1.     Garikapatti Veeraya v. N. Subbiah Choudhury, reported in AIR 1957 SC 540.

2.     Videocon International Limited v. Securities and Exchange Board of India, reported in (2015) 4 SCC 33.

3.     M/s Ginni Garments and another v. M/s Sethi Garments 2019(1) LAR 1 (P&H).

4.     Ajay Vinodchandra Shah v. The State of Maharashtra (Criminal Writ Petition No. 258 of 2019).

5.     Dilip S. Dhanukar v. Kotak Mahindra Bank, reported in (2007) 6 SCC 528.

JUDGMENT

M.R. SHAH, J. –

Leave granted.

2. As common question of law and facts arise in this group of appeals and, as such, all these appeals, arise out of the impugned common judgment and order passed by the High Court, are being decided and disposed of together by this common judgment and order.

3. Feeling aggrieved and dissatisfied with the impugned common order passed by the High Court of Punjab and Haryana at Chandigarh, by which the High Court has dismissed the respective revision applications and has confirmed the order passed by the first appellate court – learned Additional Sessions Judge, Panchkula, directing the appellants herein – original appellants – original accused to deposit 25% of the amount of compensation, in view of the provisions of amended Act No. 20 of 2018 in Section 148 of the Negotiable Instruments Act, 1881 (hereinafter referred to as the ‘N.I. Act’), the original appellants – original accused have preferred the present appeals.

4. The facts leading to the present appeals in nutshell are as under:

That criminal complaints were filed against the appellants herein – original accused for the offence under Section 138 of the N.I. Act. That the said criminal complaints were filed prior to 2.8.2018. That the learned trial Court vide judgment and order dated 30.10.2018 convicted the appellants for the offence under Section 138 of the N.I. Act and sentenced them to undergo imprisonment of two years and to pay cheque amount + 1% as interest and litigation expenses as fine.

4.1 Feeling aggrieved and dissatisfied with the order of conviction passed by the learned trial Court, convicting the appellants – original accused for the offence under Section 138 of the N.I. Act and the sentence imposed by the learned trial Court, the appellants – original accused have preferred criminal appeals before the first appellate Court – learned Additional Sessions Judge, Panchkula. In the said appeals, the appellants – original accused submitted application/s under Section 389 of the Cr. P.C. for suspension of sentence and releasing them on bail, pending appeal/s.

4.2 That considering the provisions of amended Section 148 of the N.I. Act, which has been amended by Amendment Act No. 20/2018, which came into force w.e.f. 1.9.2018, the first appellate Court, while suspending the sentence and allowing the application/s under Section 389 of the Cr.P.C, directed the appellants to deposit 25% of the amount of compensation/fine awarded by the learned trial Court.

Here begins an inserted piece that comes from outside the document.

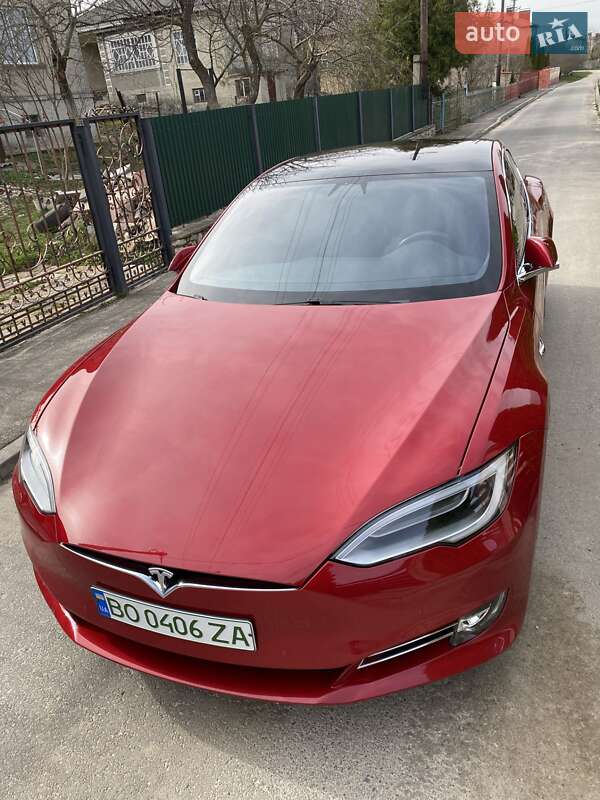Лифтбек Tesla Model S 2017 в Любомле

4.3 Feeling aggrieved by the order passed by the learned first appellate Court – learned Additional Sessions Judge, Panchkula directing the appellants – original accused – original appellants to deposit 25% of the amount of compensation/fine awarded by the learned trial Court, pending appeal challenging the order of conviction and sentence imposed by the learned trial Court, the appellants approached the High Court of Punjab and Haryana at Chandigarh by way of revision application/s.

4.4 It was the case on behalf of the appellants that Section 148 of the N.I. Act, as amended by Act No. 20/2018, shall not be applicable with respect to criminal proceedings already initiated prior to the amendment in Section 148 of the N.I. Act.

4.5 The High Court by a detailed judgment and order has not accepted the aforesaid contention and has dismissed the revision application/s and has confirmed the order passed by the learned first appellate Court – learned Additional Sessions Judge, Panchkula directing the appellants original appellants-original accused to deposit 25% of the amount of compensation awarded by the learned trial Court considering Section 148 of the N.I. Act, as amended.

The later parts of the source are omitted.